Assignment: Your task is to write out every line of the data exactly. Drop the pictures.

Captioned web images
= Beginning of Section =
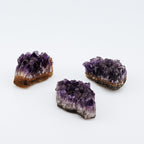 Three purple crystal formations on a white background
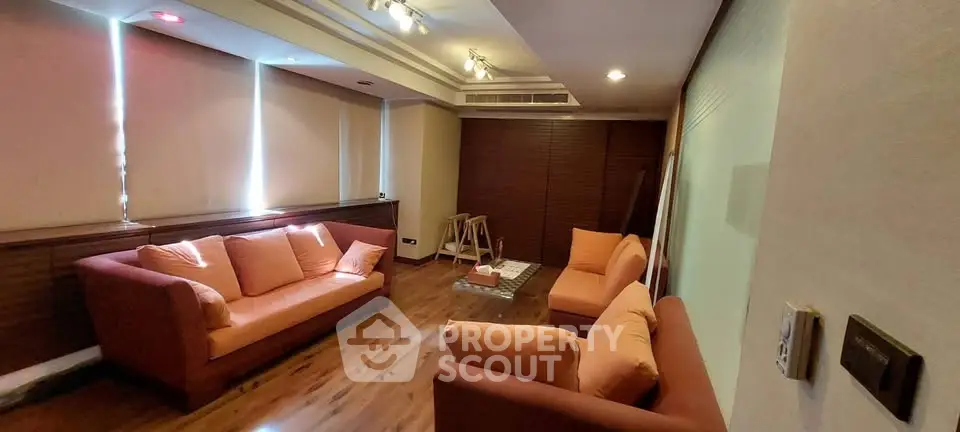 Spacious living room with modern decor and cozy seating in a stylish apartment.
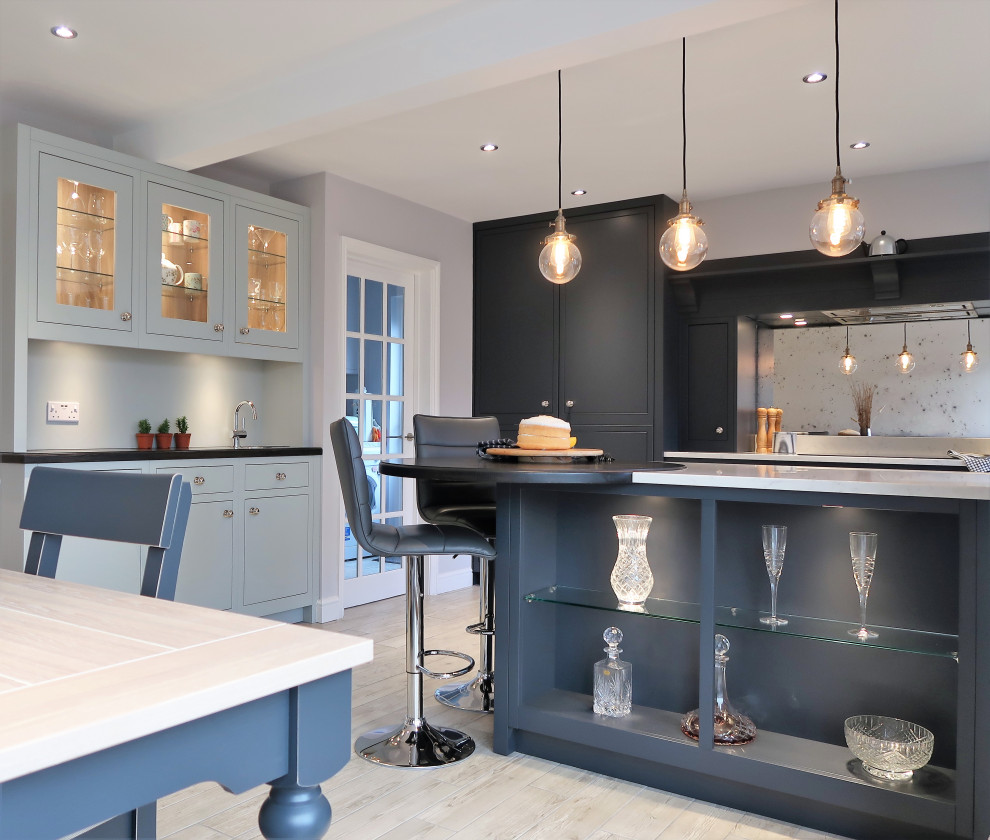 Modern inredning av ett mellanstort vit vitt kök, med en dubbel diskho, släta luckor, blå skåp, bänkskiva i kvartsit, spegel som stänkskydd, svarta vitvaror, klinkergolv i keramik, en halv köksö och brunt golv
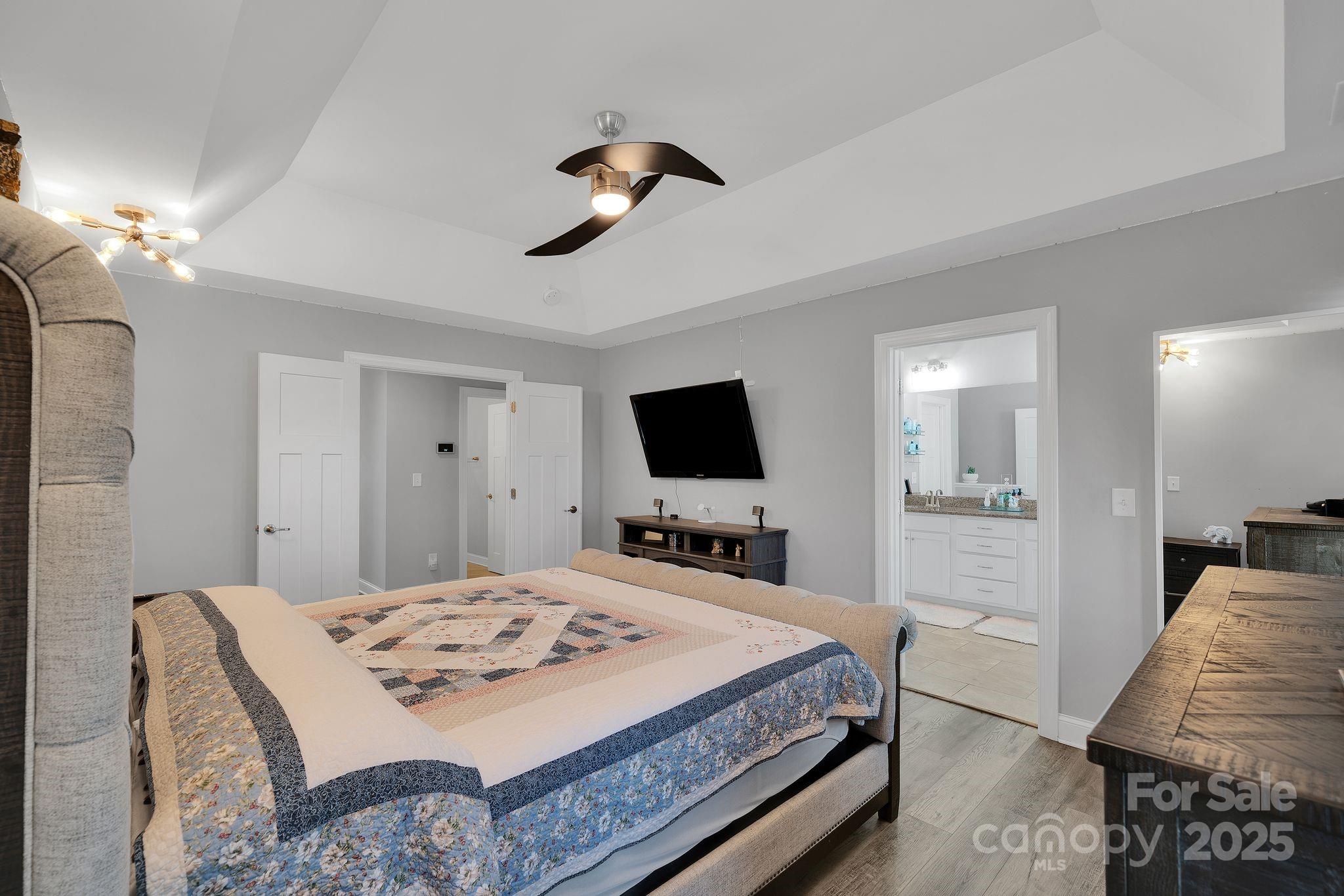 236 Pinnacle Crossing Shelby, NC 28152 - Photo 26 of 39 a living room with a bed furniture and a flat screen tv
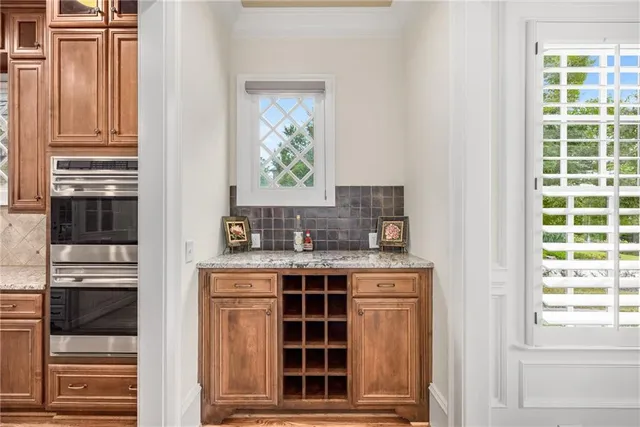 a bathroom with a tub shower and sink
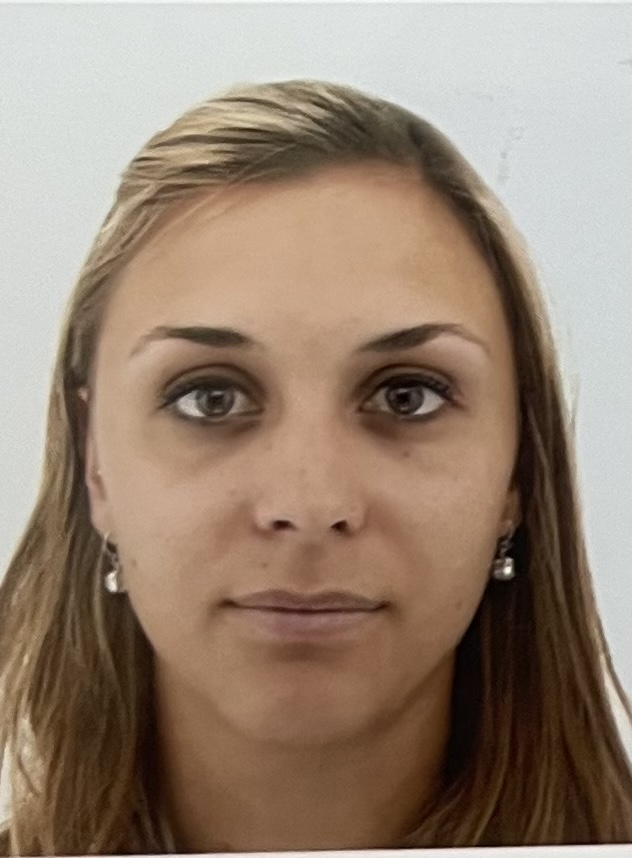 Portrait d'une femme aux cheveux longs blonds, regardant l'appareil avec un fond clair.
= End of Section =
Problem solution:
 Three purple crystal formations on a white background
 Spacious living room with modern decor and cozy seating in a stylish apartment.
 Modern inredning av ett mellanstort vit vitt kök, med en dubbel diskho, släta luckor, blå skåp, bänkskiva i kvartsit, spegel som stänkskydd, svarta vitvaror, klinkergolv i keramik, en halv köksö och brunt golv
 236 Pinnacle Crossing Shelby, NC 28152 - Photo 26 of 39 a living room with a bed furniture and a flat screen tv
 a bathroom with a tub shower and sink
 Portrait d'une femme aux cheveux longs blonds, regardant l'appareil avec un fond clair.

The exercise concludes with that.